Full Metal Jacket Diary
- Author: Matthew Modine
- Language: English
- Publisher: Rugged Land
- Publication date: October 25, 2005
- Publication place: United States
- Media type: Print (Hardcover)
- Pages: 224
- ISBN: 1-59071-047-9

= Full Metal Jacket Diary =

Book by Matthew Modine

Full Metal Jacket Diary is a book written by American author, actor and photographer Matthew Modine and published by Rugged Land October 25, 2005. The book contains photos and diary entries of his experiences over a two-year period while working on the Stanley Kubrick film Full Metal Jacket.

Modine played the lead role of Private Joker, a U.S. Marine who is sent to Vietnam as a war correspondent for Stars and Stripes. While filming, Modine was encouraged by Kubrick to keep a diary of his experiences. Notorious for his closed film sets, Kubrick granted Modine the rare privilege of photographing the process, capturing moments on the set. Modine felt keeping a photographic and written diary would be a beneficial opportunity for his preparation as a war correspondent in the film.

Modine used a Rolleiflex camera, capturing glimpses of Kubrick's artistic and professional process.
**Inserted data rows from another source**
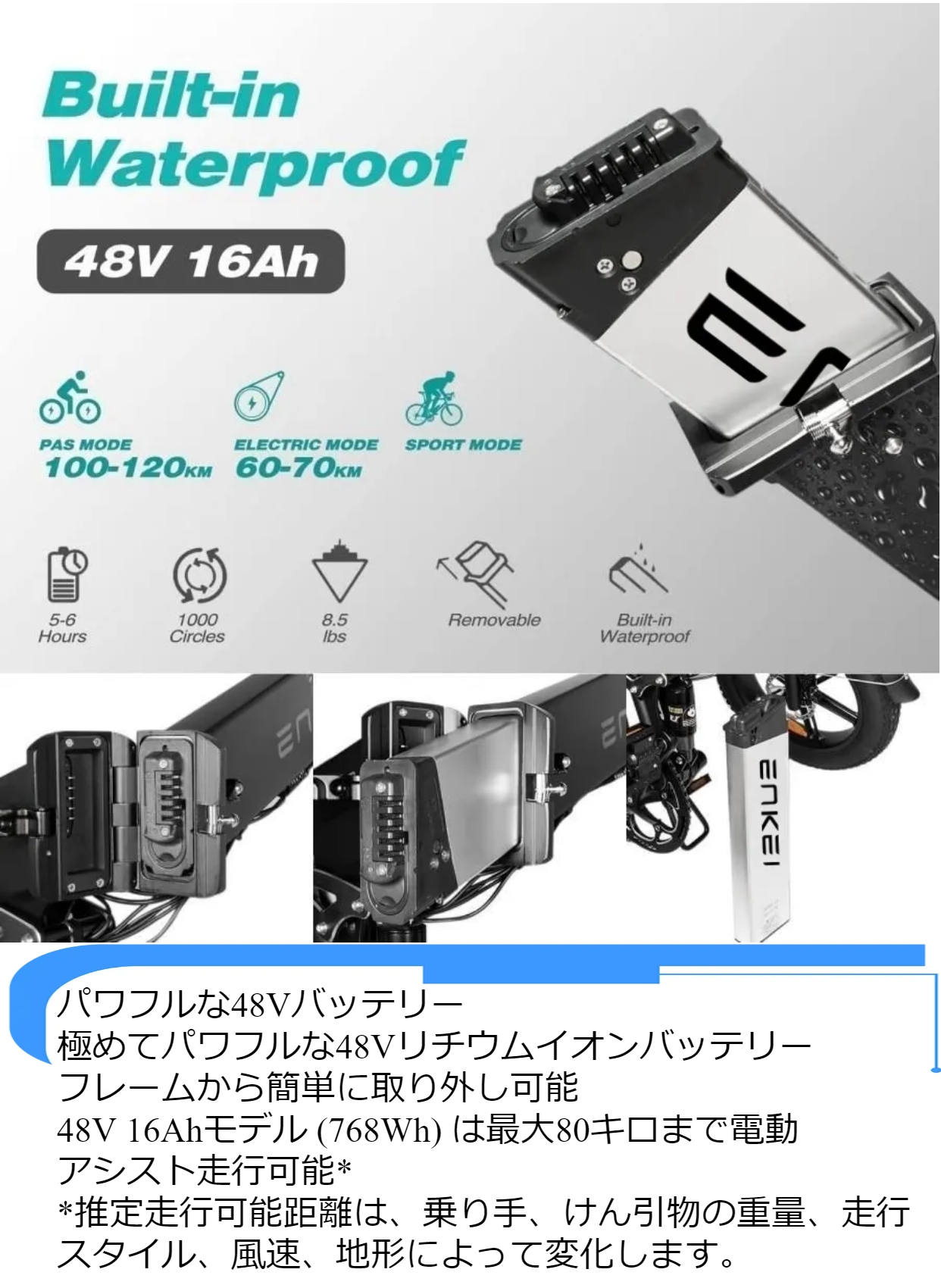 送料無料 E-bike ENKEI R7 PROファットバイク 電動アシスト自転車 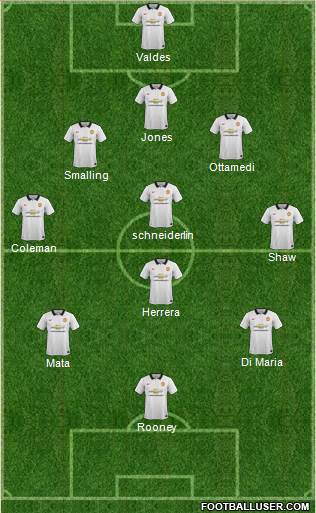 Manchester United 3-4-2-1 football formation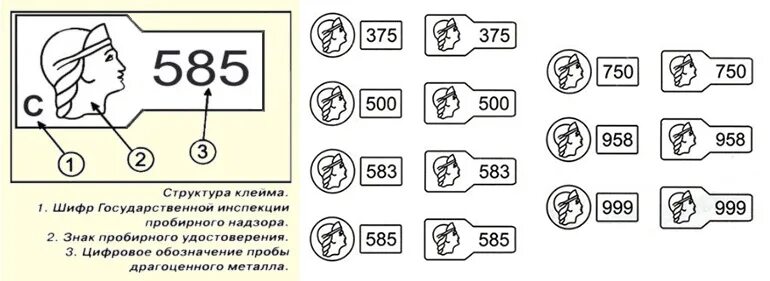 Существующие пробы золота. Пробы золота 585 для ювелирных изделий. Клеймо на золоте 585 пробы. Кольцо 585 пробы золото клеймо. Маркировка на золотых изделиях 585 пробы.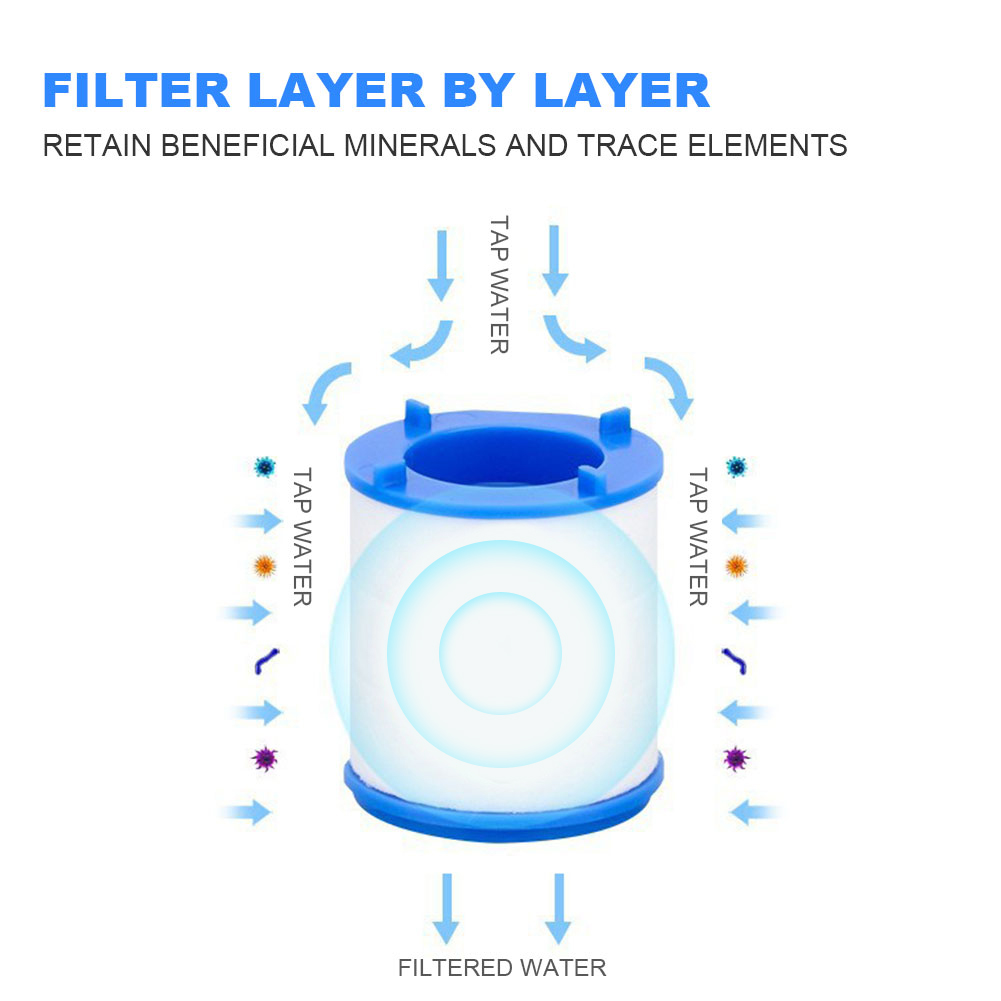 Filtro dell'acqua del rubinett - Home Bathroom Water Filter recensione e prezzo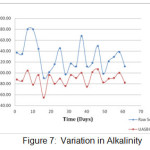 Figure 7:  Variation in Alkalinity
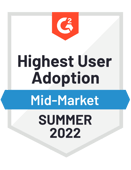 SalesEnablement_HighestUserAdoption_Mid-Market_Adoption
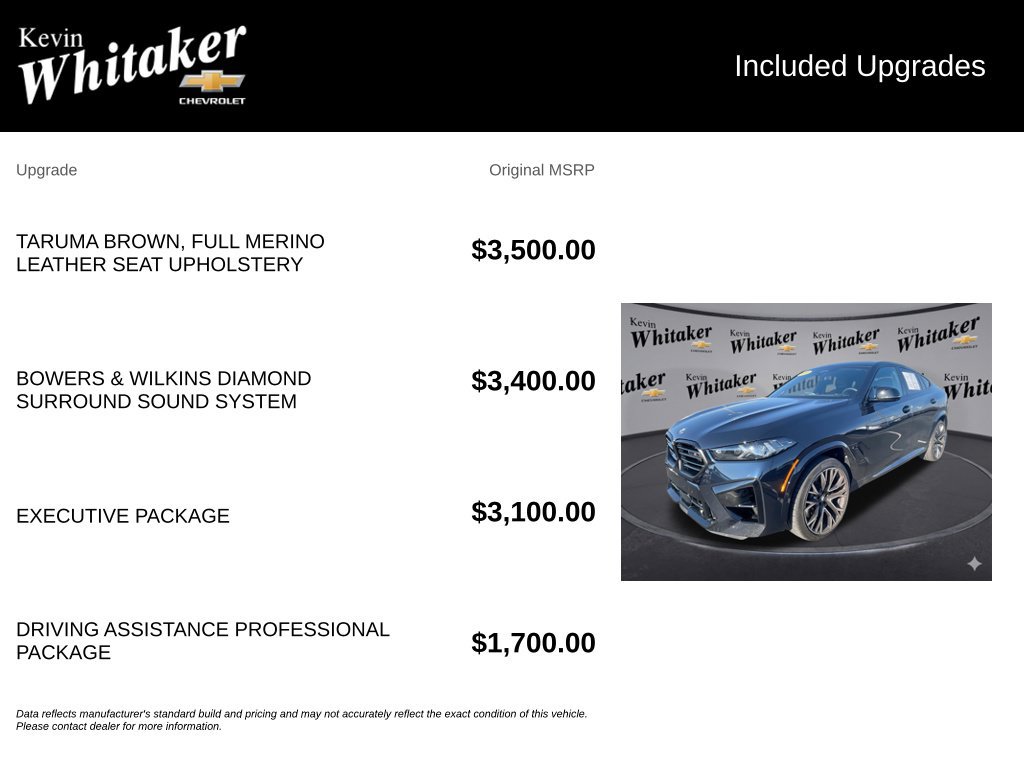 Used 2027 BMW X6 M Competition w/ Executive Package AWD/4WD image 37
Full Metal Jacket Diary was published in limited edition book form in 2005 with a metal book jacket. "I always wanted to do something with the pictures because I think they're beautiful..." says Modine of his decision to publish the book. "Now I feel enough time passed and I can look back at those days as being part of another person's life, this young kid who went on a journey to work with a legend..."

In addition to being a critical success, the book won the AIGA "50 Books/50 Covers of 2006" design award with a juror noting that it's "the only book I can imagine covered in a metal jacket".

In 2010, Modine partnered with producer Adam Rackoff to begin transforming his book into an interactive iPad application, by raising funds through Kickstarter.